世界対中国、自由と抑圧の最後の決戦の前線に日本は立っている

人権と並ぶもう1つの争点、海洋の自由
米国の「ウイグル問題」ジェノサイド認定以来、G7までに自由世界は中国に対する一致団結を見た。そしてほぼ同じ時期、並行して、海洋の自由をめぐる、もう1つの対中国包囲網が深化していった。前編「人権侵害・習近平の中国はG7でとうとう自由世界の公敵に認定された」を読む

変貌する日本の立ち位置

以上は、去年10月6日から展開されてきている中国の人権侵害に対する自由世界の戦いの軌跡であるが、実は、同じ去年10月6日(東京時間)において、もう1つ重要な意味を持つ動きがあった。その日、日米豪印の4ヵ国の外相は東京に集まり、第2回目の4ヵ国外相会議を開いた。

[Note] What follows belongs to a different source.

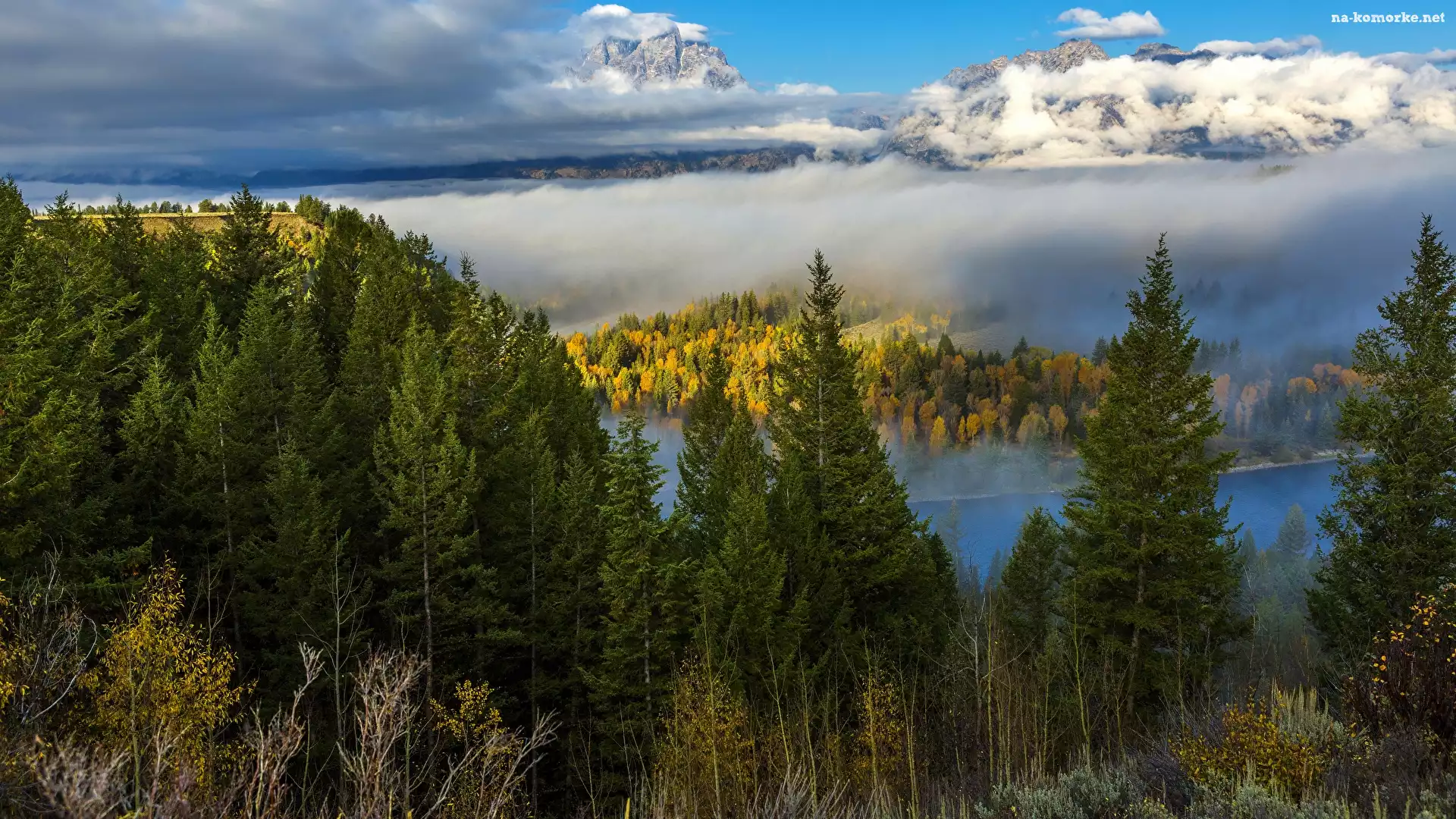 Jesień, Drzewa, Stany Zjednoczone, Góry, Stan Wyoming, Park Narodowy Grand Teton, Las, Świerki, Mgła, Krajobraz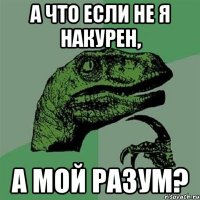 А что если не я накурен, А мой разум?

会議の中心テーマはや「自由で開かれたインド太平洋の実現」である。上述の4ヵ国外相は海洋進出を進める中国を念頭に、日本が提唱している「自由で開かれたインド太平洋」構想を推進し、より多くの国々へ連携を広げていくことが重要だとの認識で一致した。

後に「クワッド」だと呼ばれる4ヵ国連携はこれで形が出来上がっているが、連携の目的は当然、インド太平洋の自由と秩序を脅かしている中国の封じ込めであろう。

 

この動きに対し、中国の王毅外相は10月13日、外遊先のマレーシアの記者会見で上述の「日米豪印外相会議」に触れて、「インド太平洋版の新たなNATO(北大西洋条約機構)の構築を企てている」と警戒心を露わにしているが、彼の言っていることは実に正しい。

NATOの創設した当時の目的は旧ソ連の脅威から欧州の民主主義陣営を守ることにあるのと同様、日米豪印4ヵ国連携の戦略的意図はまさに対中国、「敵は北京にあり」なのである。

by Gettyimages

その後、アメリカのバイデン政権が成立してからは、バイデン大統領の主導下でオンラインによる日米豪印4ヵ国の首脳会議も開催され、中国を標的にした4ヵ国連携はより強固なものとなった。